The Royal Armouries in the White Tower contain both the weaponry belonging to individual monarchs, such as Charles I’s suit of armour and an articulated suit of armour for the thirteen year old Edward VI, as well as those weapons etc. that have been donated as gifts over the years. For example, they have a suit of samurai armour dating back to 1610. We came across this particular display, where a range of weapons and other items, were turned into a gigantic dragon. It was rather steampunk in its own way, and I couldn’t not take a photo. I’ve been trying to find it online to see if there’s a particular reason for its being there, but I can’t find anything, so I don’t know if it signifies anything, or a curator just got bored and wanted to do something a bit different with one of the displays.

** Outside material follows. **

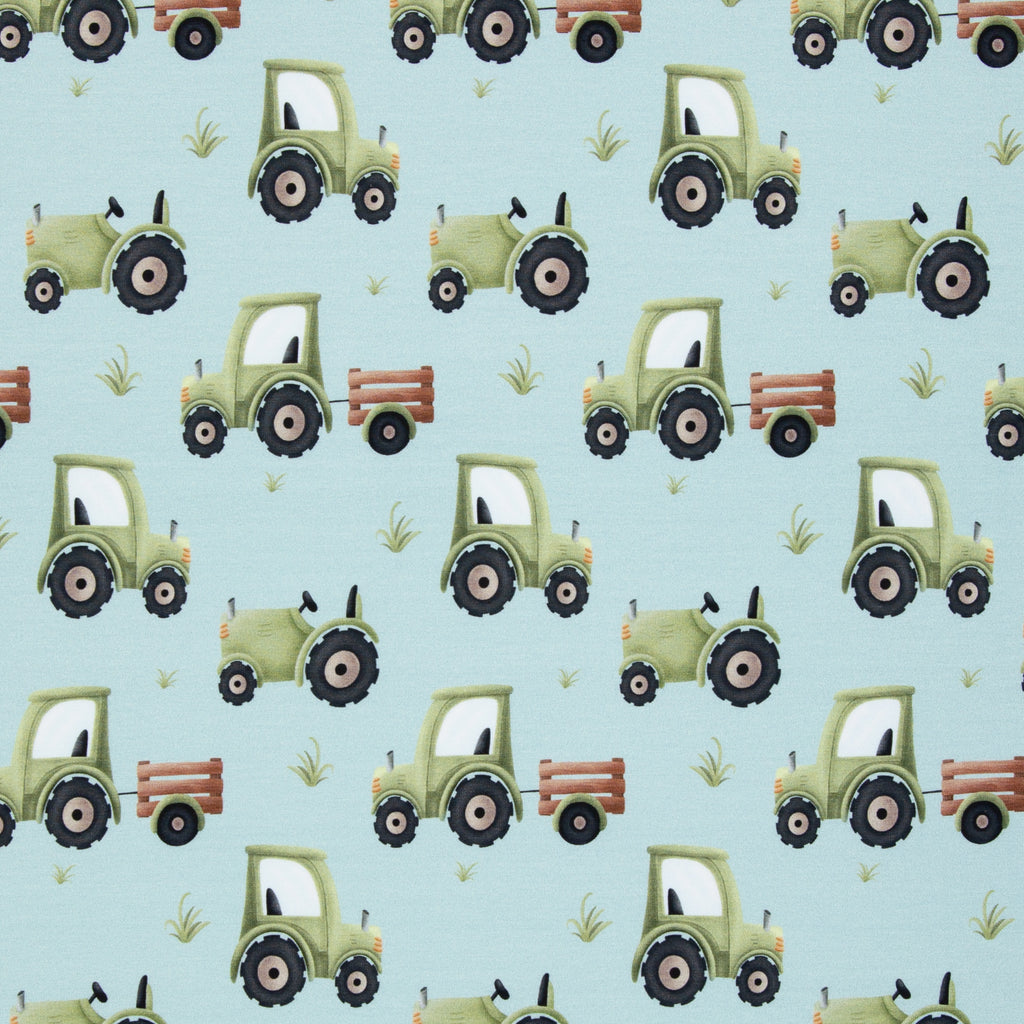 Zu sehen ist ein weicher, elastischer Baumwolljersey-Stoff in blau mit einem kindgerechten Muster aus Trucks, LKWs und weiteren Fahrzeugmotiven, der durch seine glatte und dehnbare Oberfläche ideal für Kleidung, Accessoires und kreative DIY-Projekte geeignet ist.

One of the displays is of weapons as art, and I couldn’t not take this photo! Apparently the legendary US gunsmiths Smith & Wesson donated this revolver to the Royal Armouries in 1989. The Trustees of the Armouries commissioned Tiffany & Co. to decorate it as part of their policy to commission and collect fine craftsmanship. The decoration features leaves representing five different woods used in gun-making. They did also have a couple of other guns but they were a bit too ‘bling’ for my liking.
This is me faffing about outside the White Tower, pointing at a rather large cannon. I pinched this from Gemz, which is why I’ve tagged it with her web address instead of mine. (Give her website a look if you need to employ a web ninja!) As you can see, I have no problem with posing like an idiot in photographs, especially where heavy weaponry is involved. I think the rain had briefly stopped by this point, but the day was still somewhat dull and overcast. Still, we’re Northerners so we’re used to crap weather. All I can say is at least it wasn’t snowing!
One of the strange things about the Tower is the fact it was once this imposing symbol of royal power, and it’s now been dwarfed by the rest of modern London, now nothing more than a tourist attraction on the banks of the Thames. I took this photo from beside the south east corner of the White Tower, looking across the inner ward towards the Shard on the southern side of the Thames. The little black dot on the lawn to the right of the tree is one of the Tower’s famous ravens, having a bit of a wander. While inside any of the buildings, you really do get a sense of the age and history of the place, but the second you get outside, the skyline is dominated by the hideous glass monuments to commerce that seem to have sprung up all over London. I suppose it’s one of the signs of modern life, and perhaps I’m just too much of a traditionalist, but I really do prefer the ‘historic’ parts of London, as opposed to those glittering modern areas.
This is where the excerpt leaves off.